Building An All-Time Steelers’ Team, Non-Hall of Famers Edition: Specialists

Now that we’re into July, Pittsburgh Steelers’ training camp is just around the corner thankfully.

That means real football is less than a month away, and lists, all-time teams and more can disappear as offseason fodder. That said, there’s still time to talk about hypothetical stuff, like my all-time Steelers’ team using only non-Hall of Famers.

Today, we’ll wrap up my all-time team with the specialists, featuring a kicker, punter and return specialist.

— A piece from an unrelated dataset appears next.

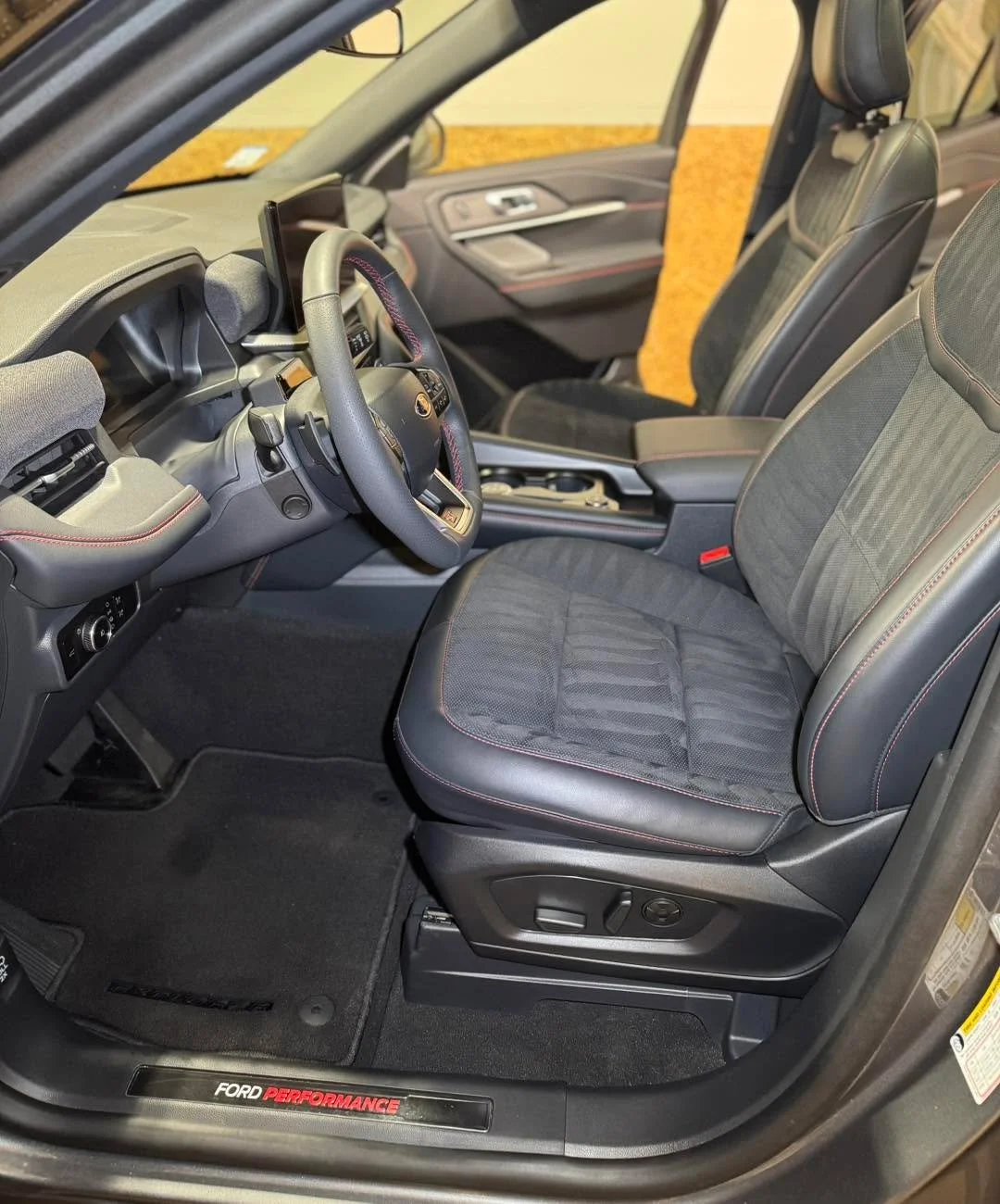 Very nice Ford Explorer ST with an interior detail 

🚘 Premium Detailing Services 
📍 MA &amp; RI | Mobile &amp; Drop off 
📲 508-244-8087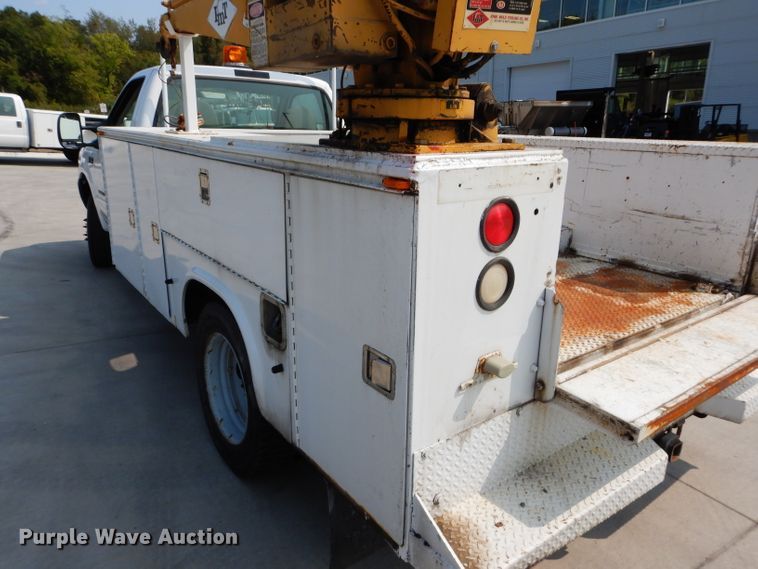 image for item DI8291 2000 Ford F450 Super Duty XL  utility truck with crane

Throughout the Steelers’ history, they’ve had some consistently good kickers, including Jeff Reed and Chris Boswell currently, as well as strong punters in Jordan Berry, Bobby Walden and more. Still, no kicker or punter is in the Hall of Fame for the Steelers, leaving my pool of players to select from wide open.

Offensively, I will set it up using 11 personnel, meaning one running back, one tight end, no fullback, and three wide receivers, mainly because I would want to see this group play in today’s game.

Defensively, I’m using the traditional 3-4 scheme, so no slot cornerback or anything like that. Just a base 3-4. I’ll also select a kicker, punter, and return specialist, giving me 25 players to write about.

Selections made so far:

QB — Kordell Stewart
RB — Le’Veon Bell
WR — Buddy Dial
WR — Louis Lipps
WR — Santonio Holmes
TE — Heath Miller 
LT — Jon Kolb
LG — Ramon Foster
C — Ray Mansfield
RG — Gerry Mullins
RT — Tunch Ilkin

LDE — LC Greenwood
NT — Casey Hampton
RDE — Aaron Smith
LOLB — Jason Gildon
ROLB — Joey Porter
ILB — Andy Russell
ILB — James Farrior
CB — Ike Taylor
CB — JT Thomas
FS — Ryan Clark
SS — Carnell Lake

The selections for my team were pretty cut and dry, to be quite honest. The Steelers have a pretty solid history in the kicking game, which led to my selection of Gary Anderson for my all-time team at kicker.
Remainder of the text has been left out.